Happily for us, thigmomorphogenesis is most effective under reduced light. For although we provide adequate artificial light, it is not often equal to the overall intensity of direct sunlight. We couldn’t ask for a better situation in which to use thigmomorphogenesis to our benefit. When deciding how much breeze to give plants, remember that growth may slow as the plant grows shorter and more stout but more robust. Make sure that’s what you want if you use a brisk breeze. And too much wind can cause stomata to close, reducing, rather than enhancing transpiration.
As in nature most of the time, the quality of breeze you want is light, just enough to slightly move the plants. It is even better if the breeze comes from different directions. A small oscillating fan provides something of the same effect. When you use an oscillating fan, the intermittent breeze can be more brisk than one from a constant direction.
Needless to say, an air conditioner is not a good source of breeze. The air from it is dry and may well be more harmful than no air movement at all. And during heating cycles, the plants directly in the bath of an A/C outlet may experience conditions of very unfavorable vapor pressure deficit.

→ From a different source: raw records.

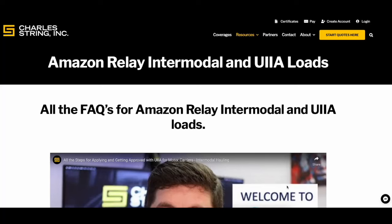Hey everybody, it's Daniel from the Truck Insurance Channel. I want to go over Amazon Relay and intermodal UIA loads. In order to haul intermodal loads for Amazon Relay, most of them require UIA approval, which can involve all new insurance and quite a few hoops to jump through. I've got videos on how to do all this — it's not that bad. Insurance can be the biggest struggle because there are very few insurance companies that will cover everything for UIA, and it sometimes doesn't cost much more, but sometimes it can cost a whole lot more depending on your setup.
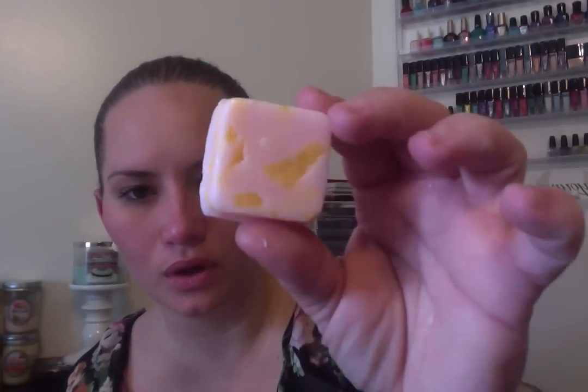Tiffany, correct me if you watch this video and I'm totally wrong. I think this one — the baby pink with some yellow, almost orangey-looking chunks — is the Melon Ball Fizz Chunks with the Melon Mist overpour. This is the lighter one, but the Melon Ball Fizz is definitely the stronger scent on this one.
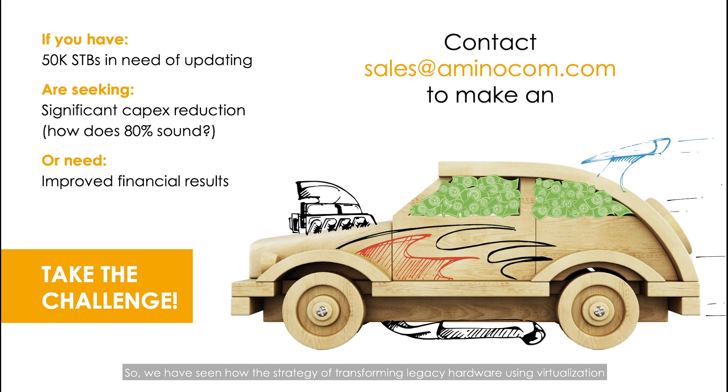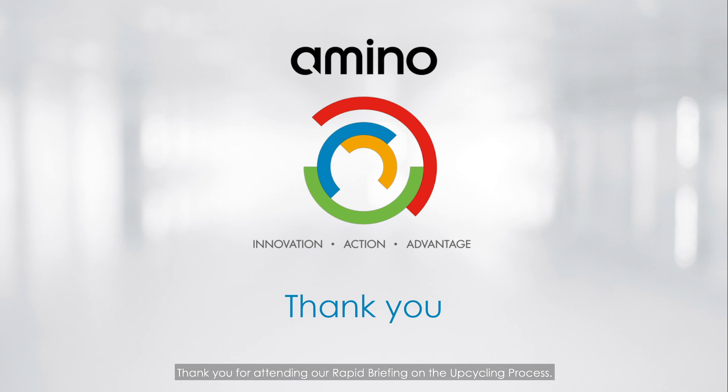We have seen how the strategy of transforming legacy hardware using virtualization allows operators to upcycle existing set-top box hardware to reduce CapEx by up to 80% and reduce the timeframe of rolling out an upgrade to under a year. This is what operators are telling us they need and what Amino is firmly committed to continuing to deliver for them. We work with a wide range of suppliers and partners to execute a seamless and profitable solution. If you have more than 50,000 devices to migrate and would like to find out how upcycling can transform your total cost of ownership within the next 12 months, please get in touch with sales at AminoCom.com for a personalized illustration of the benefits. Thank you for attending our rapid briefing on the upcycling process.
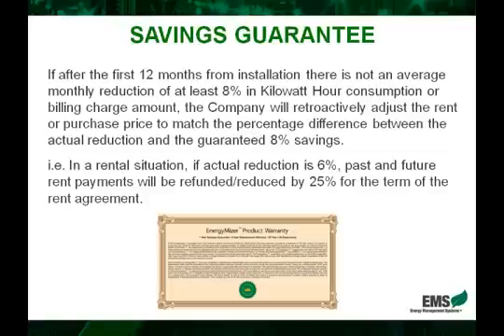It's important for everybody to understand the EnergyMizer's savings guarantee. Quite simply, if after the first twelve months from installing, there is not an average monthly reduction of at least eight percent in kilowatt hour consumption or overall bill charge amount, the company will retroactively adjust the rent — if they were to rent the system — or purchase price — if they were to purchase it — to match the percentage savings between the actual reduction achieved and the guaranteed eight percent.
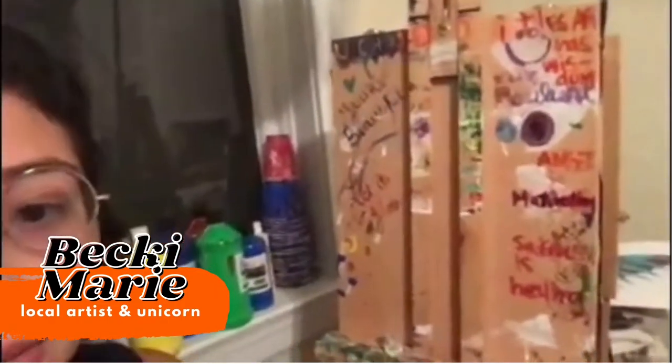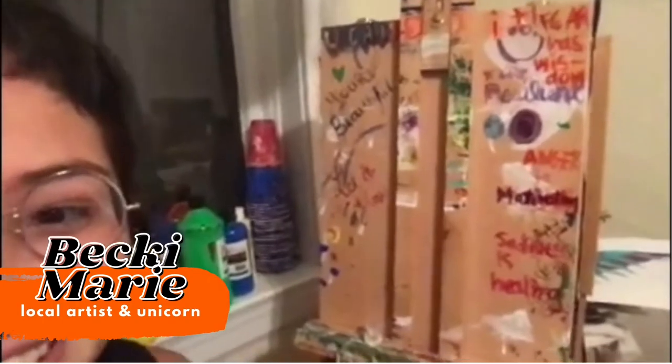Here we go — I have a table to do some work, and here's where the magic happens: the easel! I have some quotes on there to keep me going through it. Yeah, that's my space — thank you so much!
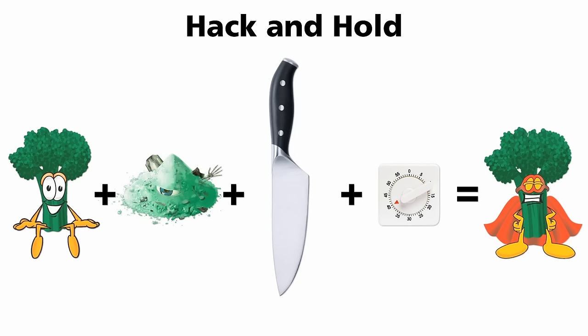When most people make broccoli soup, they're doing it wrong. Most people cook the broccoli first, then blend it. But now we know it should be done the exact opposite way: blend it first, wait, then cook it.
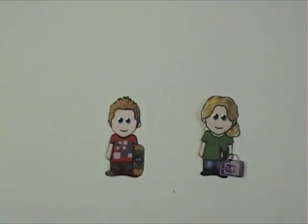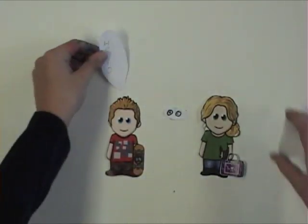Step one, look at the person. Step two, use a pleasant voice. Step three, say hi or hello.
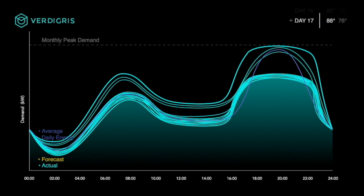When a new peak demand is set, the algorithm will adapt and adjust to maintain the new peak demand threshold.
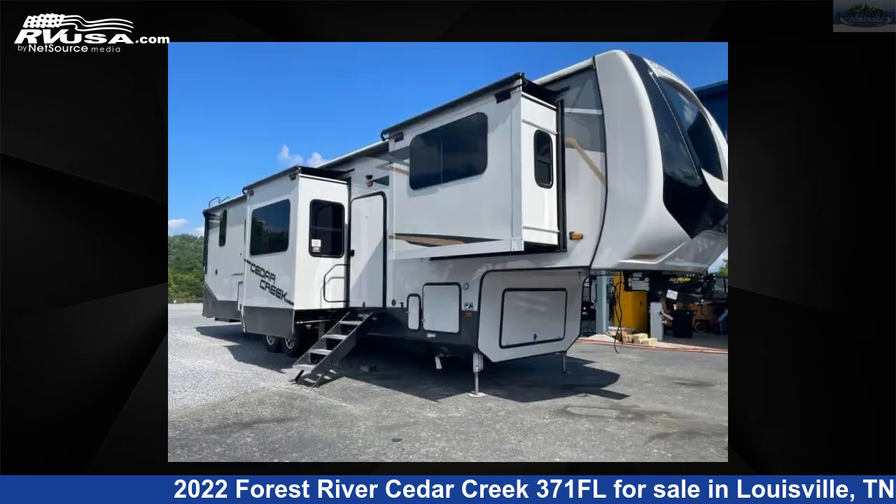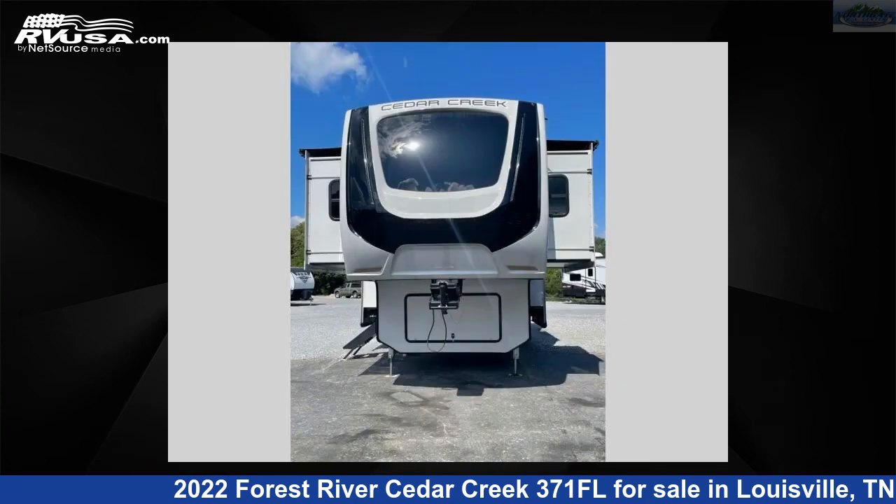This used Forest River is 41 feet 0 inches in length and features five slide-outs, sleeps six, and 57 gallons fresh water capacity.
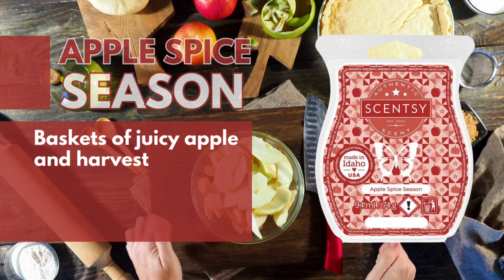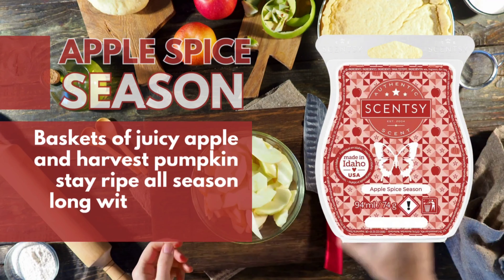Apple Spice Season. Baskets of juicy apple and harvest pumpkin stay ripe all season long with a touch of sparkling spices.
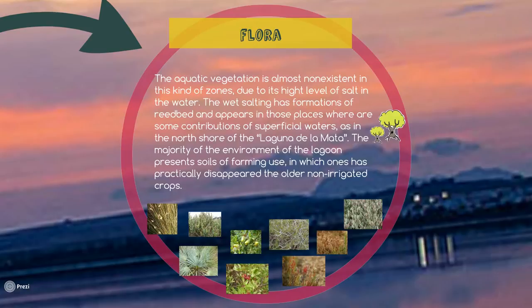Finally, we have to say that the majority of the environment of the lagoon presents soil of farming use, in which the older non-irrigated crops — olive tree, carob tree, and some cereals — have been practically replaced by irrigated crops, such as citrus and vegetables. Here we have some examples of Salinas de Torrevieja.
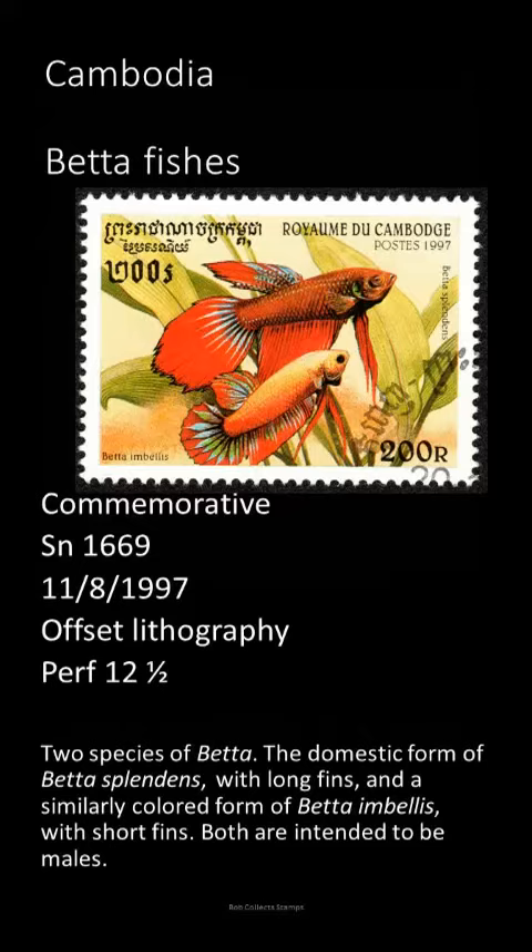Among other species, however, they are extremely peaceful and are more often harassed by other fishes than being a harasser.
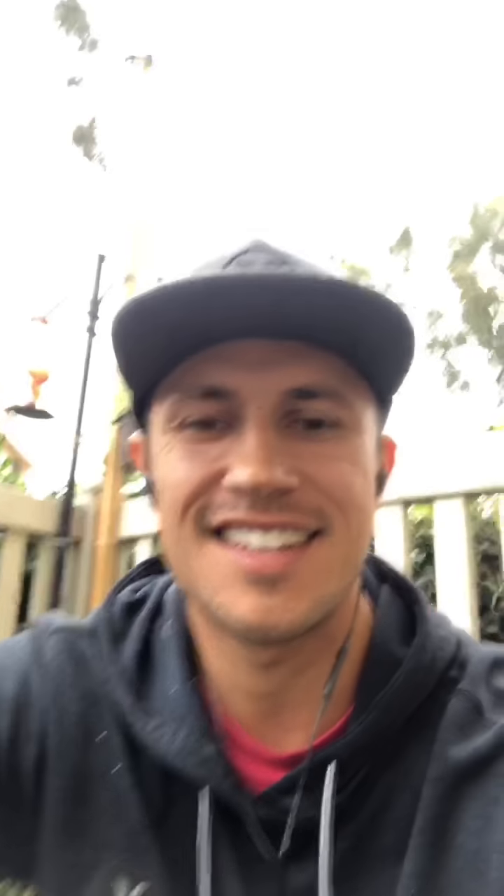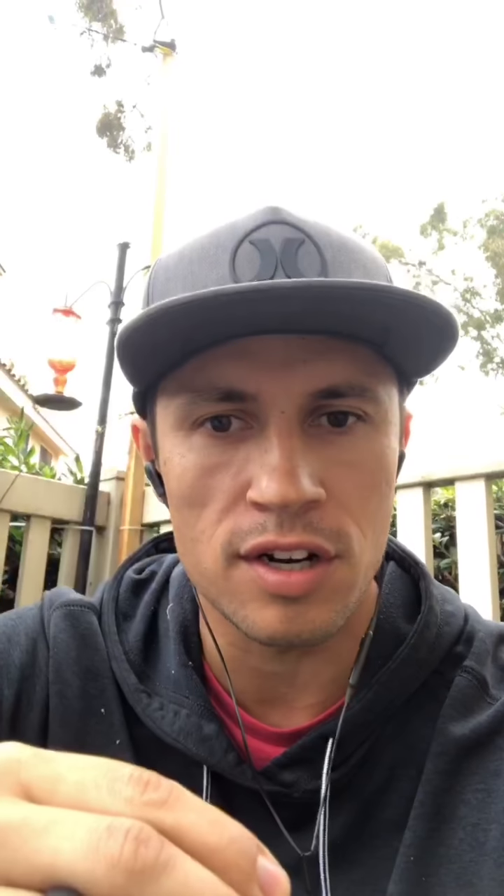Good morning, this is Dr. Michael Vann. I just got done with a killer fasted leg workout and I had a thought in the gym. I'm helping a lot of weight loss clients right now and it's important to note that excess sugar doesn't just lead to weight gain, it leads your body to store more fat.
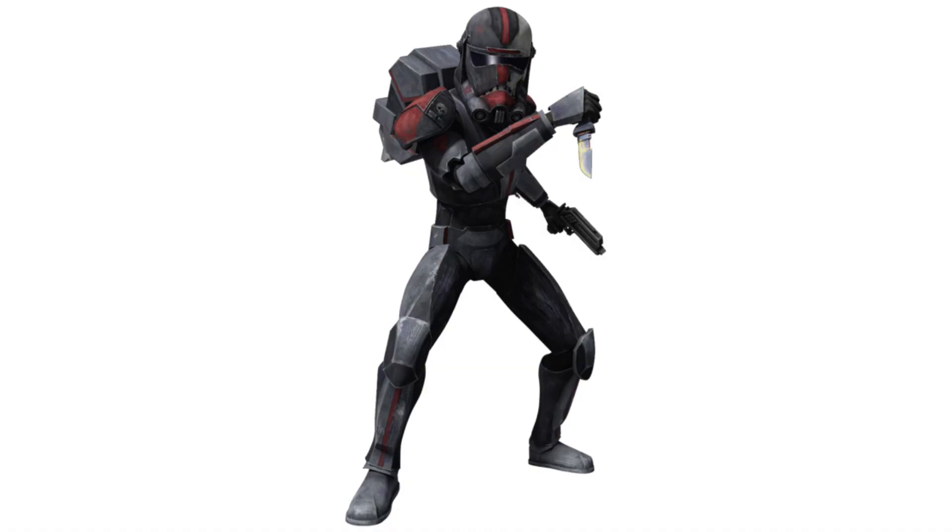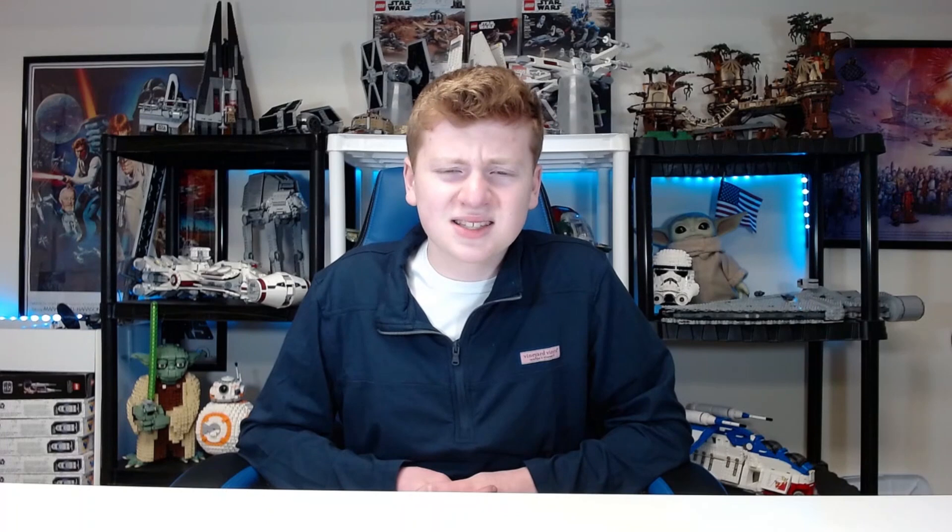Starting off with number 10, which is Hunter from the Bad Batch. Hunter is one of the more basic Bad Batch members — he's coming in the Bad Batch shuttle. I'm really curious to see how they're going to handle him. I'm worried they're not going to give the Bad Batch helmets at all — just a torso print, leg print, maybe arm print, and a hair piece with no helmet. My guess is he'll probably come with his knife as an accessory and his hair piece. I hope he comes with his helmet, but if not, I guess we'll be okay.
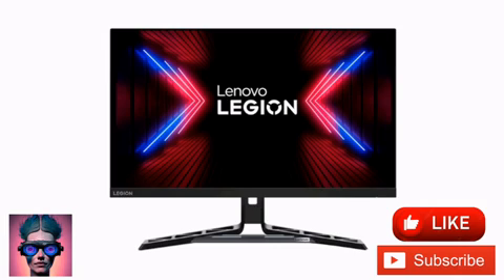It is unclear when Lenovo will launch the Legion R27 FC30 gaming monitor or how much it will cost.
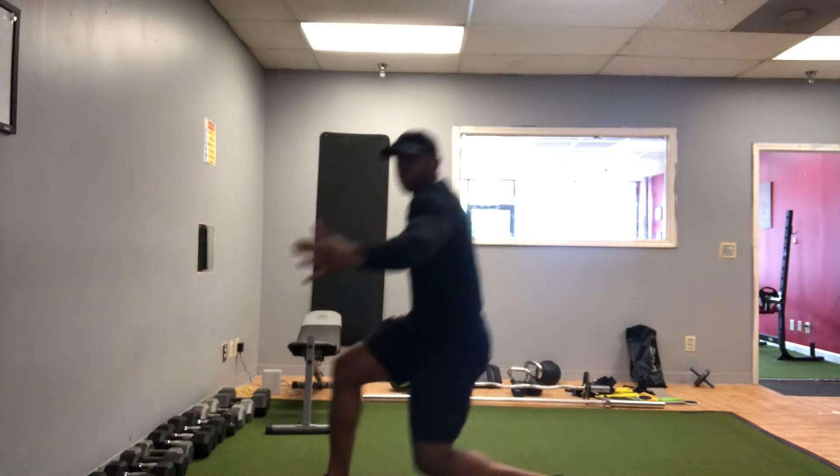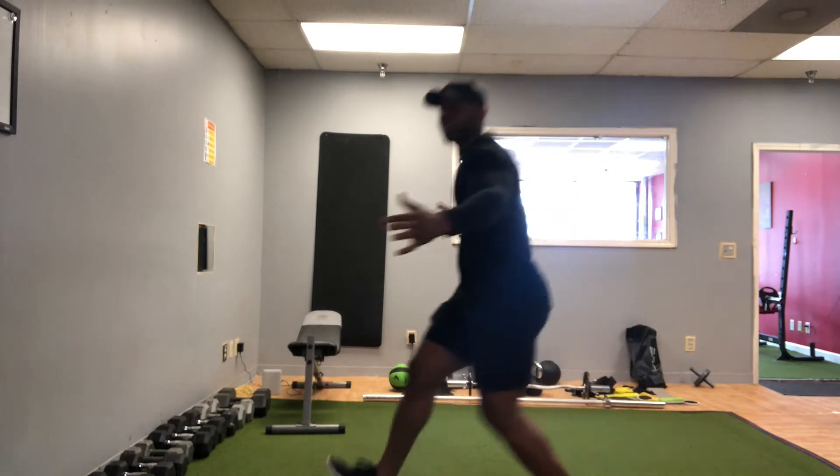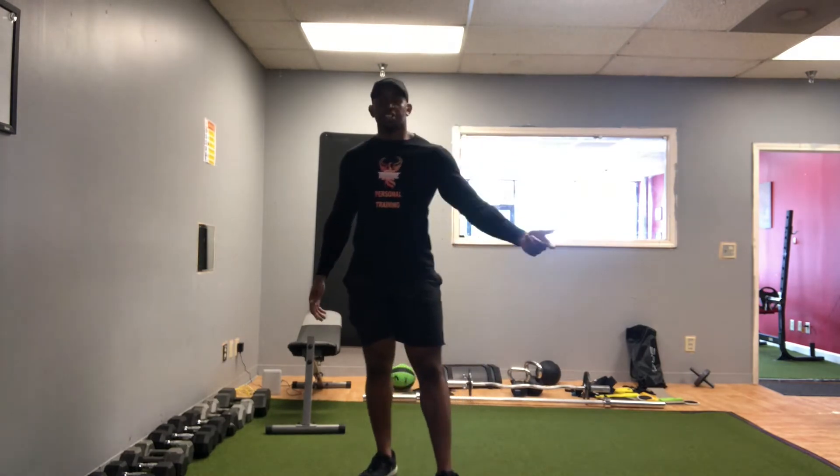What you want to do is go all the way forward and all the way back without your leg touching in the middle. Check it out — I'm gonna go all the way forward lunge, all the way back lunge, that's one. That's two. You want to go ten with one leg, then switch to the other way.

Any sign of drying should trigger rethinking.
Remember, you don’t have to be smart to sound smart. You can add this one to geotropism and gravitropism (sends roots down and foliage up), phototropism (growing toward light), aerenchyma (air channels plants develop to survive floods in nature), heliotropism (plants following the sun), hydrotropism (grow either toward or away from water), thermotropism, and related to our word is thigmotropism, growth away from a stimulus rather than a change in structure.